Sempat Kejar-kejaran, 2 Penjambret Ponsel di Medan Tak Berkutik Ditembak Polisi

Stepanus Purba · Senin, 08 Juli 2019 - 17:09 WIB
Sempat Kejar-kejaran, 2 Penjambret Ponsel di Medan Tak Berkutik Ditembak Polisi
Kedua pelaku penjambretan saat gelar perkara di Mapolsek Medan Barat. (Foto: iNews.id/Stepanus Purba)

MEDAN, iNews.id – Aksi kejar-kejaran mewarnai penangkapan dua pelaku jambret yang kerap beroperasi di wilayah Medan, Sumatera Utara. Polisi terpaksa melepaskan tembakan untuk melumpuhkan kedua penjambet yang melarikan diri saat hendak ditangkap hingga tak berkutik.

Informasi yang dirangkum iNews.id, pengejaran ini berlangsung di ruas Jalan Sei Deli, Kota Medan. Identitas penjambret yang diamankan yakni M Fiqri Munzir (34) warga Jalan Bakti Luhur, Medan Helvetia dan Bagas Rakasiwi Surbakti (23) warga Jalan Cengal, Medan.

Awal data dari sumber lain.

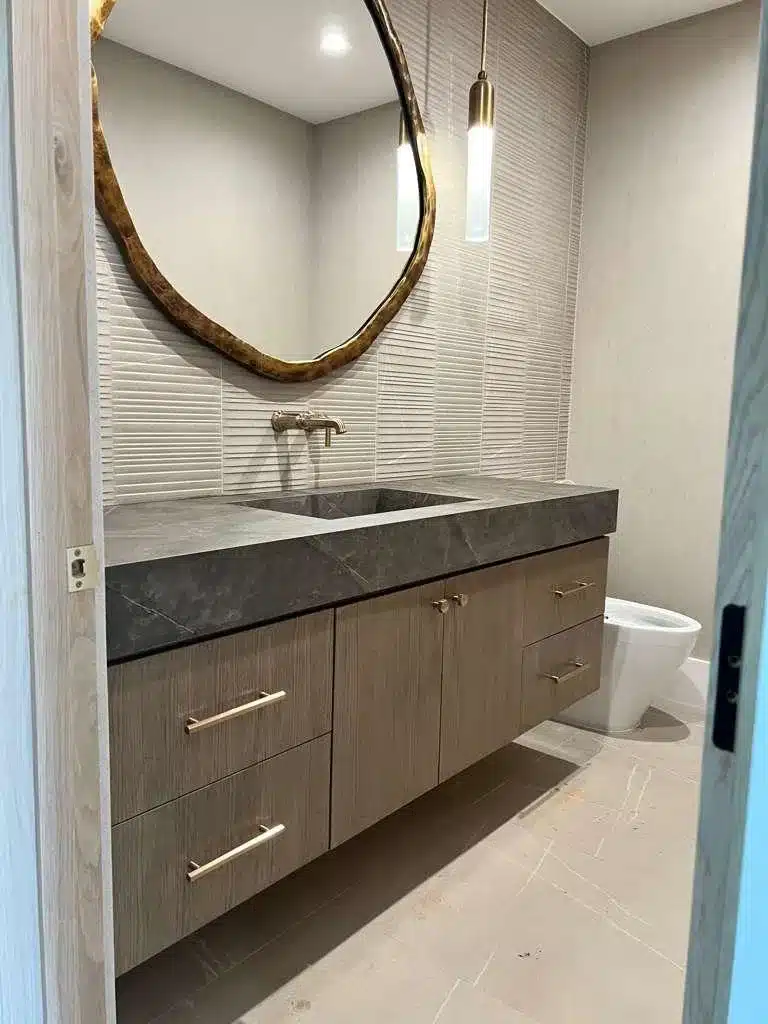 Finished bathroom vanity area with wood-grain cabinets, a dark veined countertop, rounded mirror, and pendant lighting.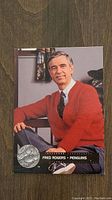 Front of Fred Rogers hockey card showing his photo in a red cardigan and black tie with silver Penguins logo and text "Fred Rogers - Penguins"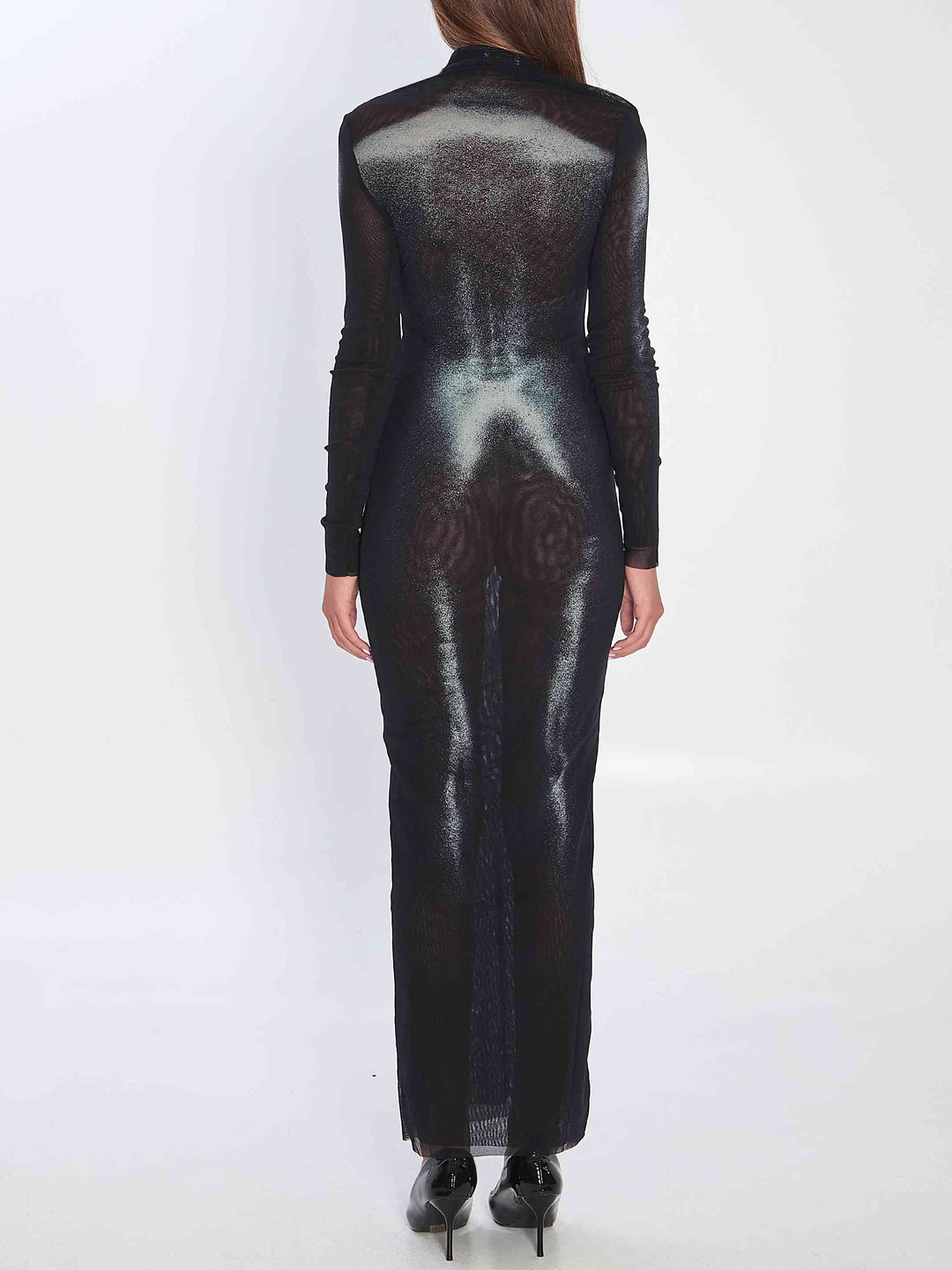 Black sheer dress with intricate design on a white background
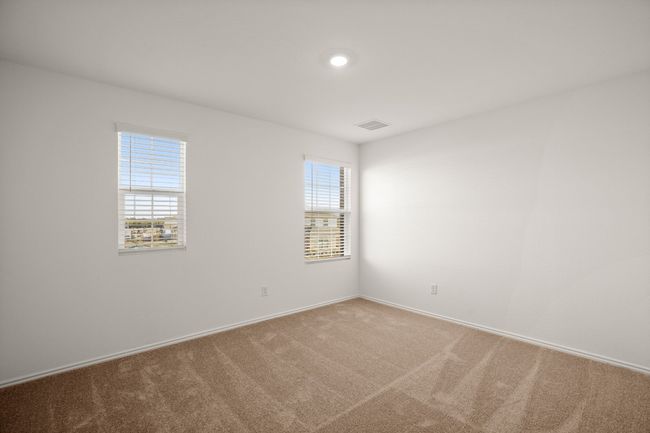 Unfurnished room featuring carpet floors, baseboards, and visible vents | Image 24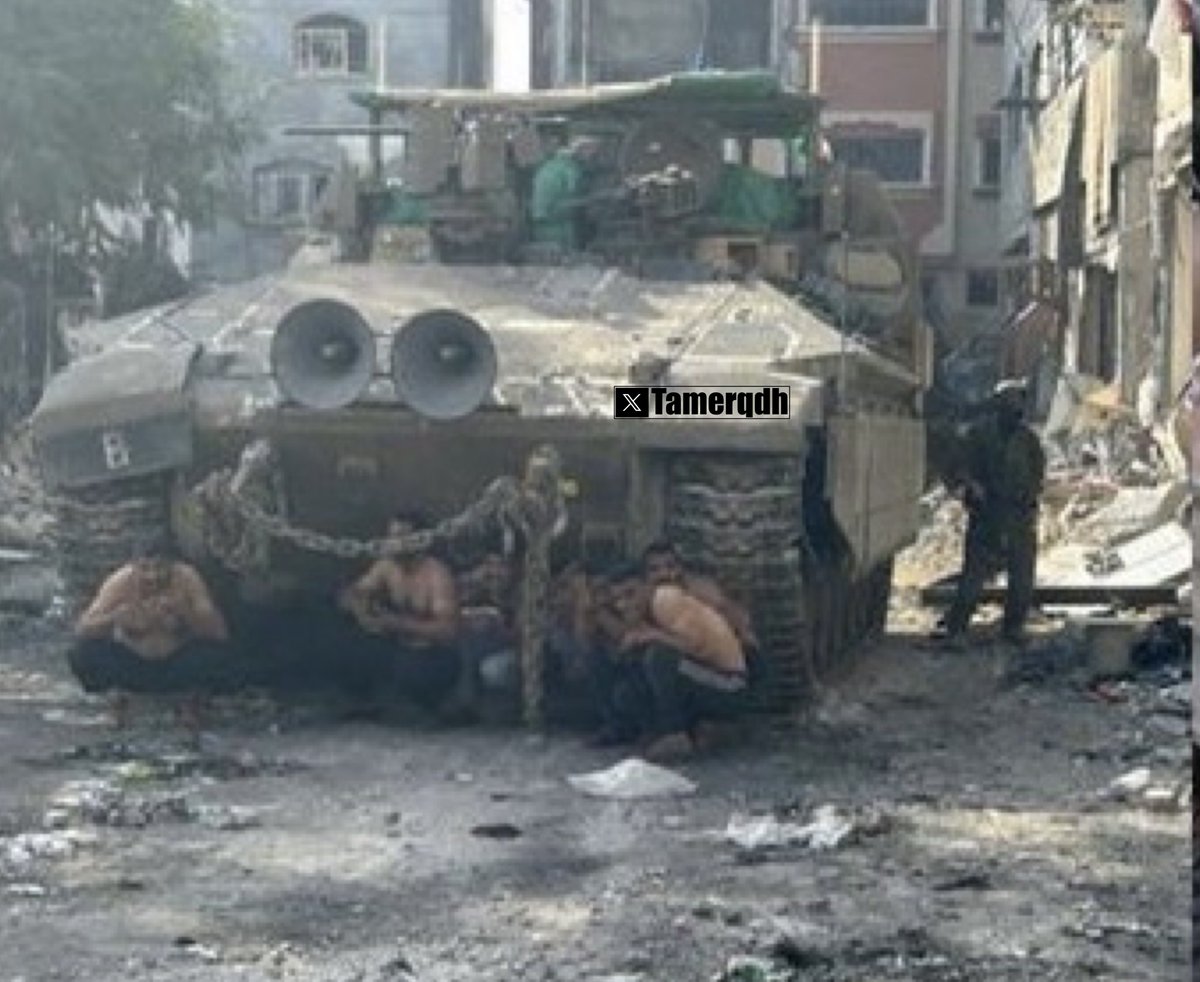 A recently posted image from an Israeli soldier in Gaza shows Israeli occupation forces using Palestinian civilians as human shields, placing them naked in front of their armored vehicles during their invasion.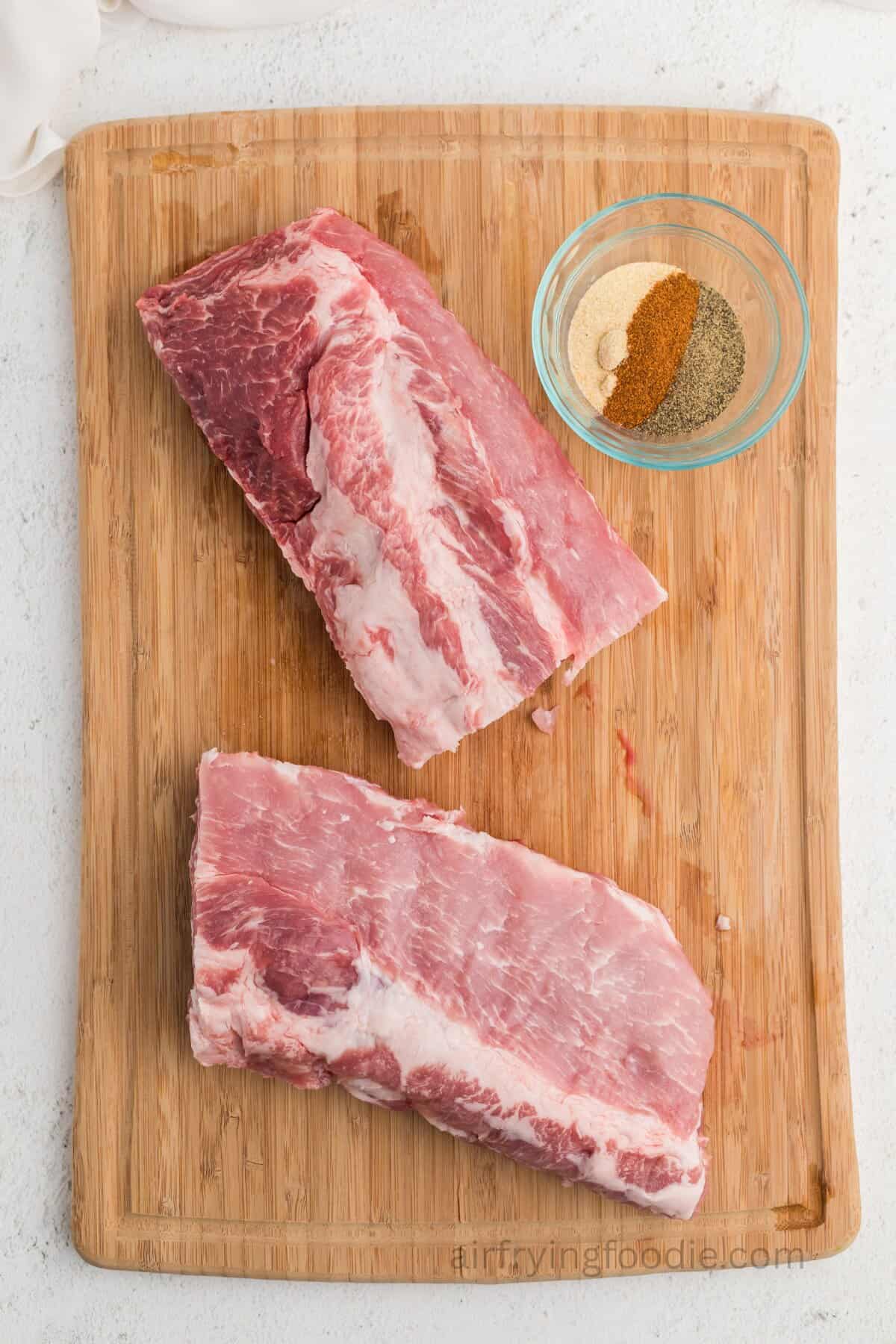 Ribs on a cutting board with seasonings in a small bowl.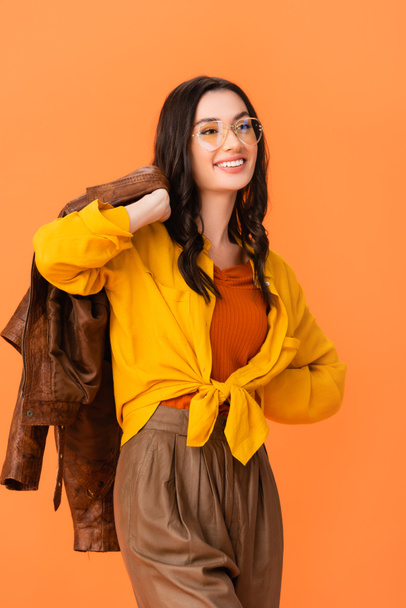 trendy woman in glasses and autumn outfit holding leather jacket while standing with hand on hip isolated on orange  - Fotografie, Obrázek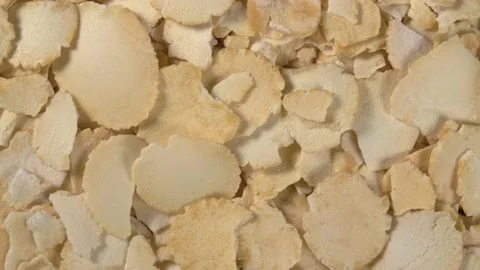 Rotation of pea flakes close-up. Fast-cooked pea porridge. Stock Footage 143786181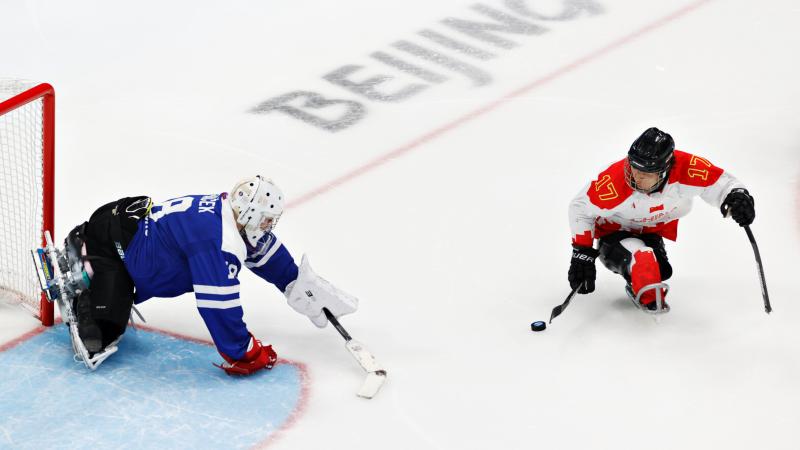 A Para ice hockey player moves past the goalie navigating the puck with a stick.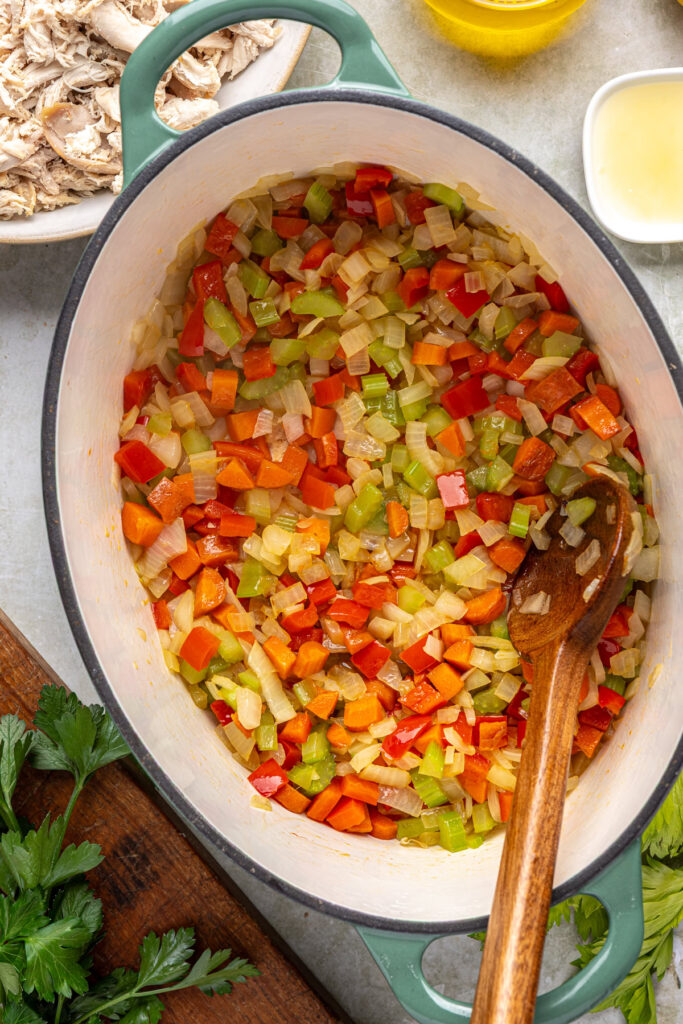 Vegetables cooking in stockpot until soft for creamy cajun chicken soup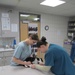 Performing canine phlebotomy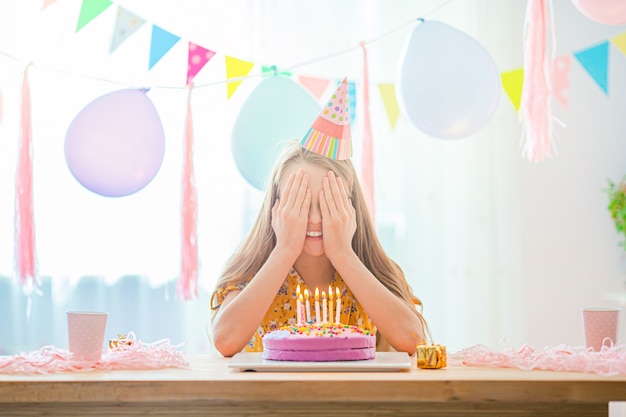 La muchacha caucásica está soñadoramente sonriendo y mirando el pastel de cumpleaños del arco iris. Fondo colorido festivo con globos. Concepto de fiesta y deseos de cumpleaños.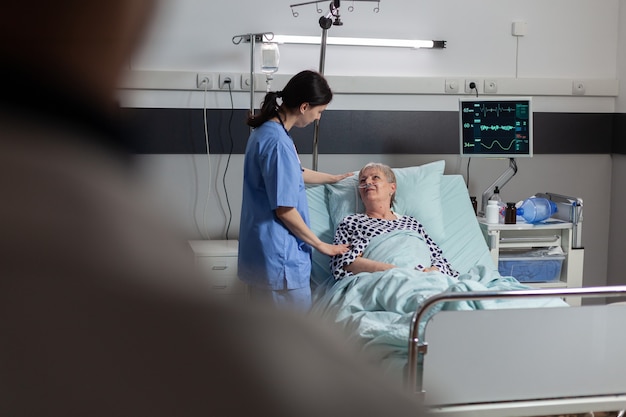 Foto gratuita manos del médico amigable sosteniendo la mano del paciente, en la habitación del hospital dando aliento, empatía, apoyo durante el examen médico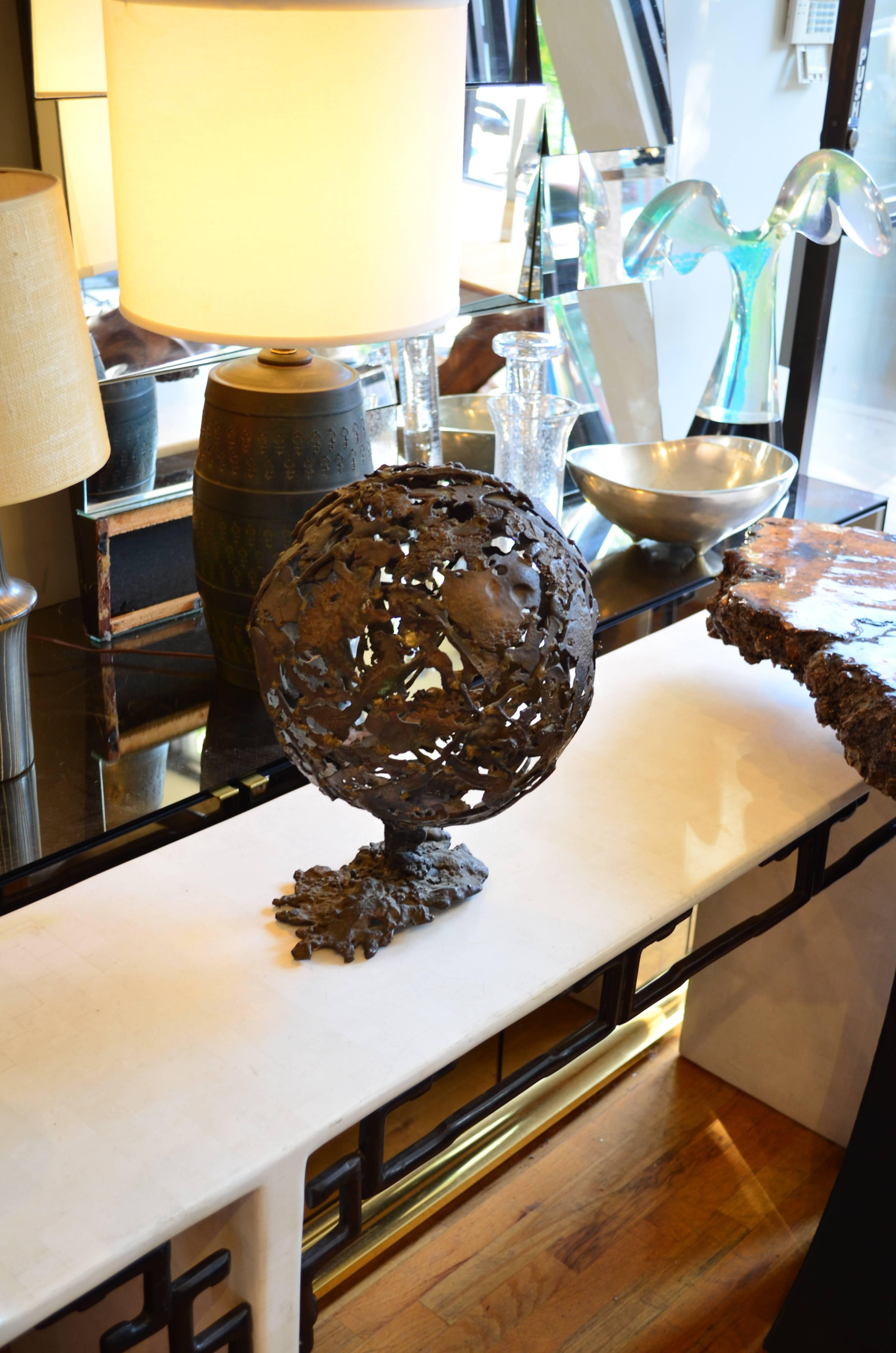 An exceptional organic Brutalist orb shaped sculpture.
This large scale piece is constructed of torch cut steel with a
heavy verdigris patina. The steel pieces are welded together into a monumental
globe. Artist is unknown and the piece appears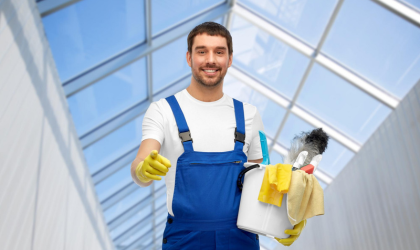 Cleaner Dallas professional holding cleaning supplies inside a bright commercial building
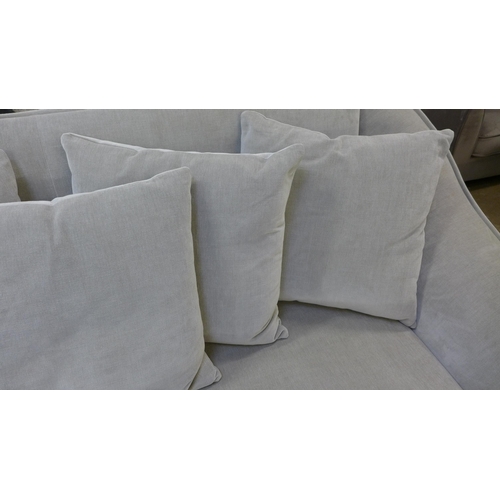 1414 - A grey velvet Danetti upholstered high back four seater sofa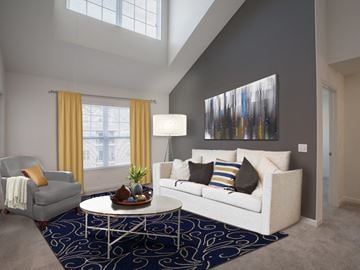 West Long Branch apartment for rent - A living room with a white couch, a grey armchair, a white coffee table, and a large abstract painting on the wall.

Keduanya merintih kesakitan setelah timah panas bersarang di kaki kanan masing-masing pelaku. Dalam keadaan tak berdaya, mereka dibawa ke rumah sakit untuk selanjutnya menjalani proses hukum.

Kanit Reskrim Polsek Medan Barat Iptu Herison Manulang mengatakan, pengungkapan kasus ini berawal dari laporan Fairuz Zahirah Siregar (19), seorang warga yang menjadi korban penjambretan, Jumat (5/7/2019). Ketika itu, korban sedang melintas di Jalan Adam Malik, Medan, dan menaruh ponsel di bagian dashboard motornya.

“Modus pelaku dengan memepet korban dan merampas HP yang diletakan di dashboard sepeda motornya," kata Iptu Herison Manulang, Senin (8/7/2019).

Korban yang sadar telah dijambret sontak berteriak meminta tolong hingga mengundang perhatian warga. Mereka selanjutnya membantu melakukan pengejaran hingga ke Jalan Sei Deli.

Saat terjadi aksi kejar-kejaran, petugas yang mendapat laporan dari warga kemudian ikut memburu pelaku.

"Saat pengejaran, petugas memberikan tindakan tegas dan terukur karena kedua pelaku berusaha kabur walau sudah diberikan peringatan," katanya.

Setelah ditangkap, pelaku beserta barang bukti hasil penjambretan diamankan polisi ke Mapolsek Medan Barat. Kasus tersebut kini dalam pengembangan petugas.